The Imperial Hong Kong Pearl or The Miracle of the Sea
This very large 127.5 carat pearl is a silvery white Baroque pearl. In the Renaissance period, Baroque pearls were highly valued for their unique shapes, which highlighted their luster and colors.
The Imperial Hong Pearl was owned by the Chinese dowager Empress Tz'U-Hi, the widow of Emperor Xianfeng, who was the ruler of the Manchu Qing dynasty after her husband's death in 1861, until her death in 1908.

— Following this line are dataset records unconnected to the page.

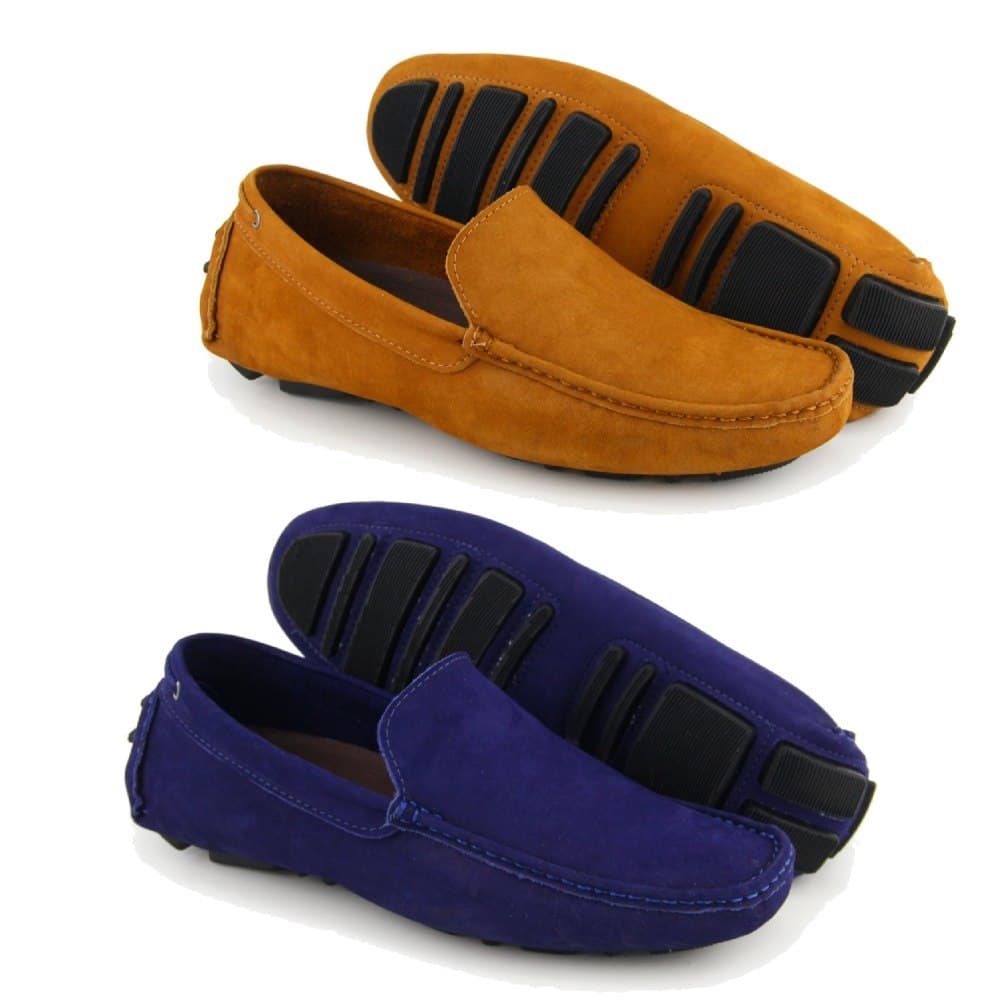 Kit 2 pares Mocassim Masculino ref 500 em couro Legitimo Nobuck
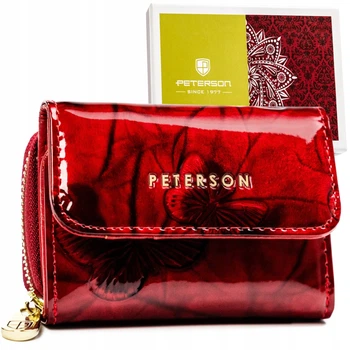 Кошелек женский кожаный Peterson PTN 423229-BF-6979 Red красный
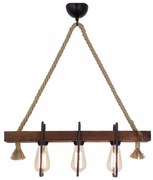 Kábelcsillár KUTUK 3xE27/40W/230V, fenyő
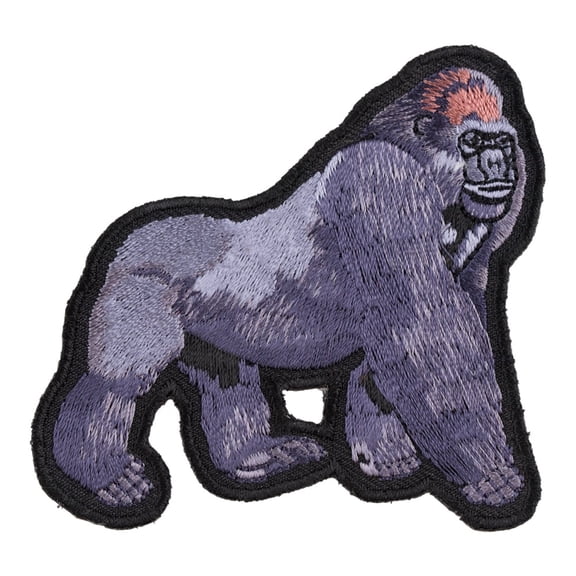 Walking Silverback Gorilla Patch, Wild Animal Patches
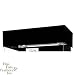 Clear-for-Life Black Acrylic Canopy for 40 Gallon 36in x 15in Aquarium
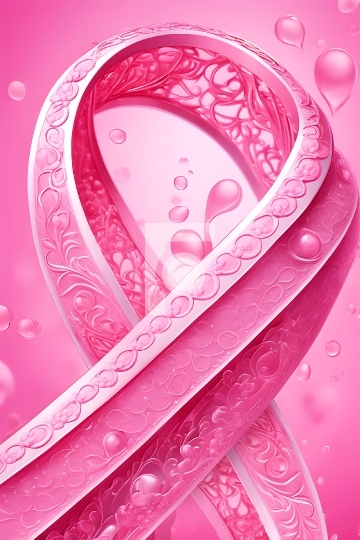Breast Cancer Awareness Ribbon Free Illustration - AI Generative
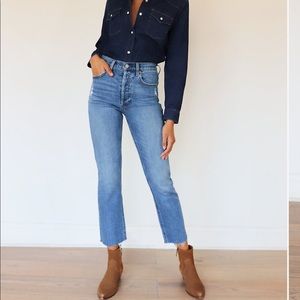 Denim Forum Arlo Straight Jeans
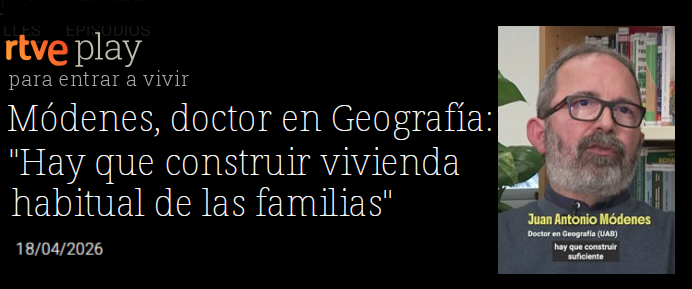 Geografia_UAB's tweet photo. @ModenesJA de @Geografia_UAB i @CEDemografia al programa especial de RTVE "Para entrar a vivir".
https://t.co/pSUidCf8Ea https://t.co/ATLptphxki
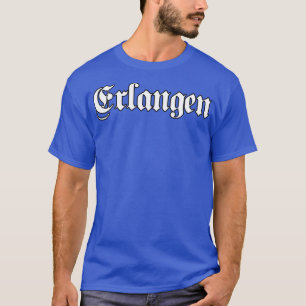 Camiseta Erlangen escrito com fonte gótica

The Empress was well known for her love of pearls and was probably given to her by her husband, who had elevated her to the status of Noble Imperial Consort Yi, which meant that she was only second to Empress Consort Ci'an the principal wife of the Emperor. The Empress wore the pearl as a good luck amulet. When she died, her coffin was filled with pearls and gemstones and an enormous pearl was placed in her mouth to protect her body from decomposition, in keeping with Chinese customs.
In 1928, the Empress' tomb was ransacked by the Kuomintang soldiers. Jewels that were plundered during this period usually ended up in Hong Kong, being a colony of Britain and a free port. It eventually was bought by a United States Company, the Imperial Pearl Syndicate in the 40s. And today it remains a valued possession of the company.